Hadoop File System (HDFS) is a distributed file system. All types of files can be stored in the Hadoop file system. Taken from Article, Introduction to Data Serialization in Apache Hadoop


Big Data Security Tools

Big Data Security should meet four critical criteria – perimeter security and authentication framework, authorization and access, data privacy, and audit and reporting.
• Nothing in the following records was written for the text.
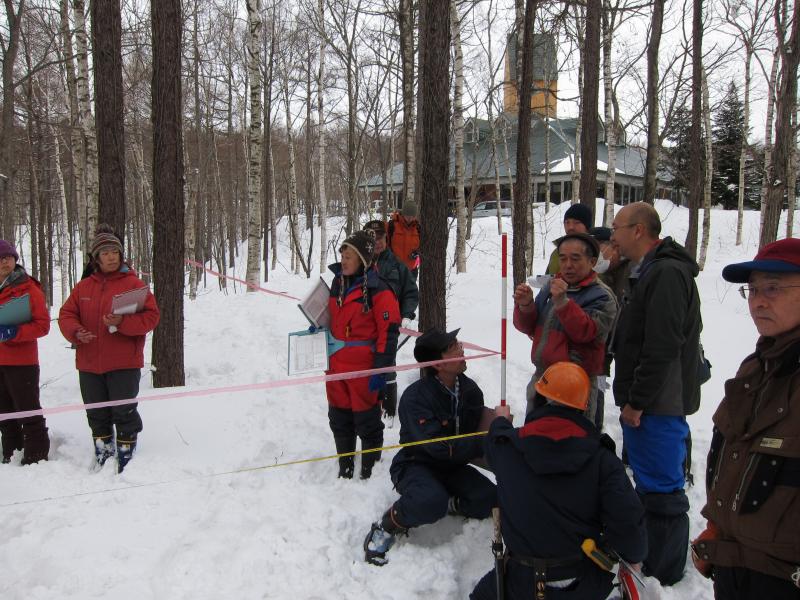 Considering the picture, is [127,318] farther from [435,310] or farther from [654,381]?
[654,381]

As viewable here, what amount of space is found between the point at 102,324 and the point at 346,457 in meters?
2.25

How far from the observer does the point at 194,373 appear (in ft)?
23.6

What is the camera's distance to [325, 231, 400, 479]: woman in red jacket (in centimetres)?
416

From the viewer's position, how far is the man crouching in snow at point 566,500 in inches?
97.3

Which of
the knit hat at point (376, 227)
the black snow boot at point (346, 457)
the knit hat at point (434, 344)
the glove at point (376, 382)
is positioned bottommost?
the black snow boot at point (346, 457)

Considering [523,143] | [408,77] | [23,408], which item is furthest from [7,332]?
[408,77]

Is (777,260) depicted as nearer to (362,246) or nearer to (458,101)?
(362,246)

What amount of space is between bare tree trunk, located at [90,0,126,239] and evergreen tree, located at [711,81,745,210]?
2714cm

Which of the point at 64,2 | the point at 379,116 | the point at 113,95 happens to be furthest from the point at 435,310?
the point at 379,116

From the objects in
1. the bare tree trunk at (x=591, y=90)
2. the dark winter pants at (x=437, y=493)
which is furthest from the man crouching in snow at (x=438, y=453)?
the bare tree trunk at (x=591, y=90)

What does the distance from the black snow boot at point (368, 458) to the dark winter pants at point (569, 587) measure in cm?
165

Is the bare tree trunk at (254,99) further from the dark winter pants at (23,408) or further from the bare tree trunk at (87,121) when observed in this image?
the dark winter pants at (23,408)

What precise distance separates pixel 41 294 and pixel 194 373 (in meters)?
2.76

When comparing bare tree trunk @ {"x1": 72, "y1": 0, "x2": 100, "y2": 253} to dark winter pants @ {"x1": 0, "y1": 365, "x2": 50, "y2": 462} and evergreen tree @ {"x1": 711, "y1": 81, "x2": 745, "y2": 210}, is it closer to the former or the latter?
dark winter pants @ {"x1": 0, "y1": 365, "x2": 50, "y2": 462} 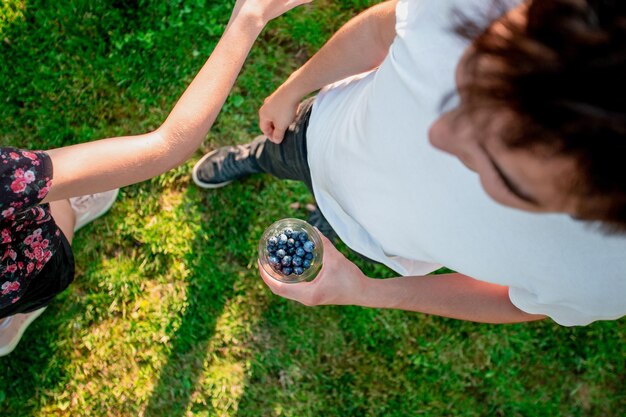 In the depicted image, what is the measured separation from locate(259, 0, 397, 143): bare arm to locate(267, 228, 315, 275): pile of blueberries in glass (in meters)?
0.54

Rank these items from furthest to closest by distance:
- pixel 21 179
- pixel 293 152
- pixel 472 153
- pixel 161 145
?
pixel 293 152
pixel 161 145
pixel 21 179
pixel 472 153

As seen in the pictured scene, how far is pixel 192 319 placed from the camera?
313cm

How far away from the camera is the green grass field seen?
3.11 metres

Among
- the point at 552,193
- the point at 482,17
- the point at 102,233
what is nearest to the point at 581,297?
the point at 552,193

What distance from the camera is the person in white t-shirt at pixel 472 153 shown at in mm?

  • Authentication –  Required for guarding access to the system, its data, and services. Authentication makes sure the user is who he claims to be. Two levels of Authentication need to be in place – perimeter and intra-cluster -  Knox Kerberos.
  • Authorization -  Required to manage access and control over data, resources, and services. Authorization can be enforced at varying levels of granularity and in compliance with existing enterprise security standards.
  • Centralized Administration and Audit - It is required to maintain and report activity on the system. Auditing is necessary for managing security compliance and other requirements like security forensics. - Ranger
  • Data at rest/in-motion Encryption - It is required for control of unauthorized access to sensitive data either while at rest or in motion. Data protection should is considered at the field, file, and network level, and appropriate methods should be adopted for the security - HDFS and Wire encryption.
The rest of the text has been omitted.